Newspaper Revitalization Act: A Nice Term for Bailout?

Today, I read an article and saw the above video about Democratic Senator Benjamin Cardin’s new bill called the Newspaper Revitalization Act. The bill proposes allowing newspapers to restructure as non-profits. They would be held to a new standard, however, and would be prohibited from making political endorsements.

Apparently, according to the article, “advertising and subscription revenue would be tax exempt, and contributions to support news coverage or operations could be tax deductible . . .

Cardin's office said his bill was aimed at preserving local and community newspapers, not conglomerates which may also own radio and TV stations. His bill would also let a non-profit buy newspapers owned by a conglomerate.

‘We are losing our newspaper industry,’ Cardin said. ‘The economy has caused an immediate problem, but the business model for newspapers, based on circulation and advertising revenue, is broken, and that is a real tragedy for communities across the nation and for our democracy.’”

The article caught my eye because my friend recently lost his job at the local newspaper. He has a few weeks to figure out what to do but, he knew it was inevitable.

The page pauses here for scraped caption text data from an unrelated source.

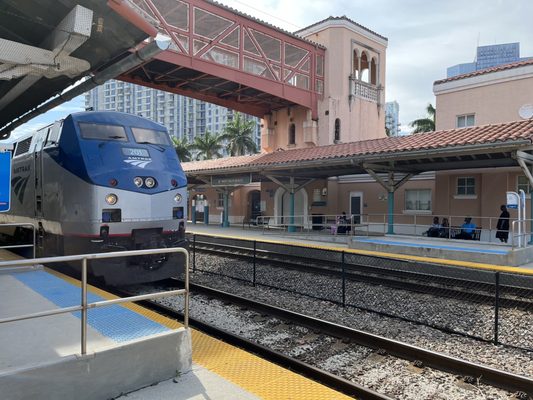 Amtrak car service pickup as an Amtrak train arrives at the West Palm Beach station platform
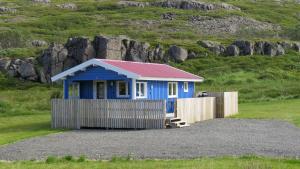 DrangsnesHvammur 4 with private hot tub (Fagurgali)的山坡上一座蓝色的房子,屋顶为红色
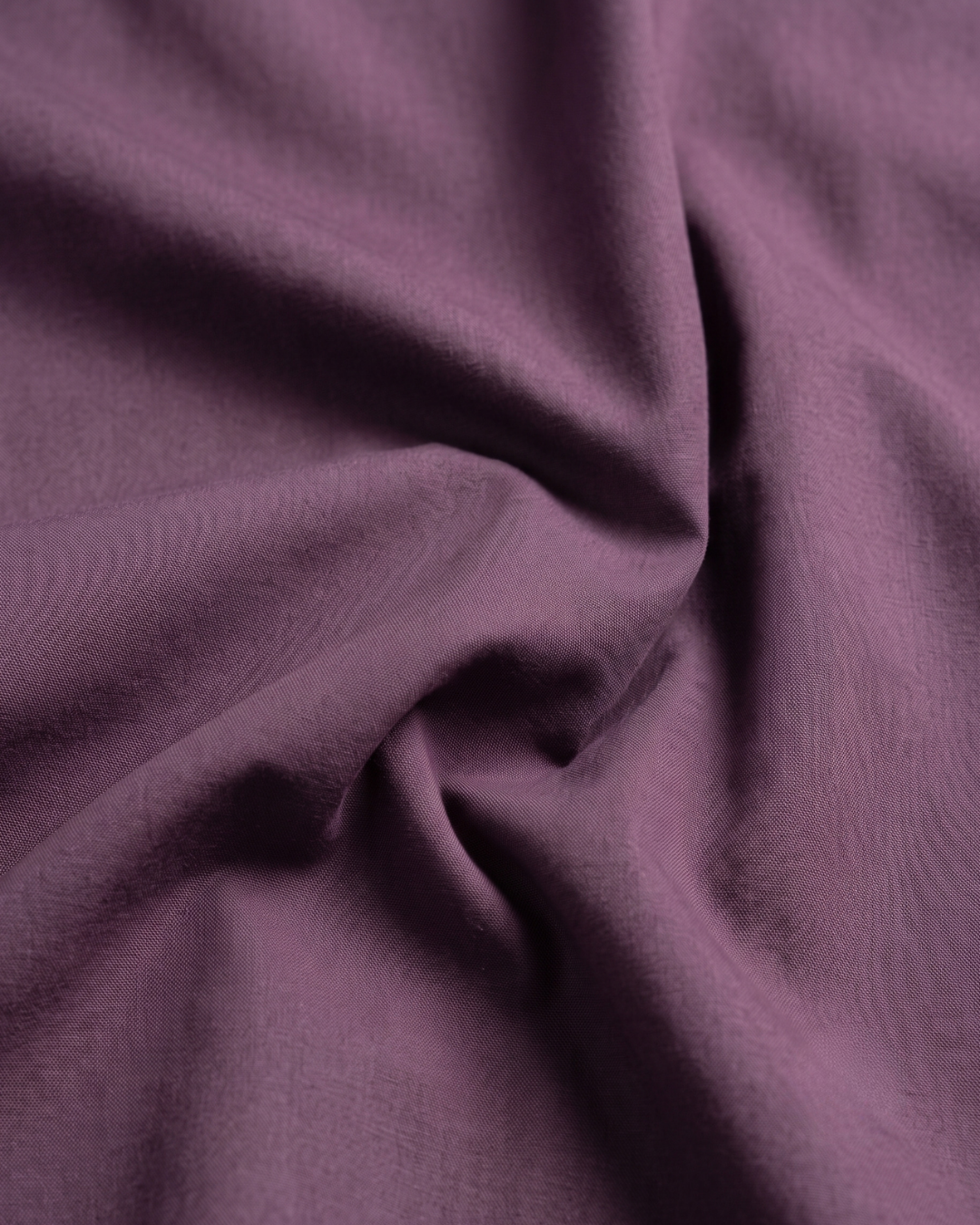 Lavender cotton shirt fabric, draped close-up with smooth weave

Is this really a good idea? I have a few questions, concerns, and comments:

• Many local newspapers don’t have much to offer outside of coupons and pictures of our kids at the local sporting events. When our kids end up in the paper, we get a call from organizations preying on our parental pride trying to sell us framed pages of the article for 60 bucks. If that’s what the bill protects, I couldn’t care less.
• Does anyone really read the paper anymore for good news? I mean, sure, it feels good in your hands with a cup of coffee but does it really cause us to think?
• Might this be the opportunity for the free enterprise system to do it’s thing and allow everyone to overcome, adapt, and survive?
• Journalism has been weak in the local newspaper business for years. No one wants to rock the boat because sales suck. The best news is found faster and easier on the internet. Won’t this further perpetuate the problem of sucky journalism?
• Many local newspapers print news I read on a blog two weeks prior. Enough. Gutenberg would be Google’s CEO today.
• In the “old days” the thing that made a newspaper great was the good ol’ free speech element. What will the non-profit status do to that constitutional right?
• One really scary part of the bill would allow private contributions to the papers to be tax-deductible and/or advertising to be tax-deductible. What? Are you kidding me? Would this not give incentive for every wealthy activist to invest in their local news to promote their propaganda AND receive tax benefits?
• Many complain that the Main Stream Media is controlled by the far left. Without agreeing or disagreeing, if that is true, wouldn’t a move like this limit the free speech of the right even further?
• It seems to me that good product raises awareness and surfaces its own need. Outside of technology adaptation awareness, shouldn’t failing newspapers take a hint and start creating good product? Doesn’t this perpetuate lazy journalism?

What do you think?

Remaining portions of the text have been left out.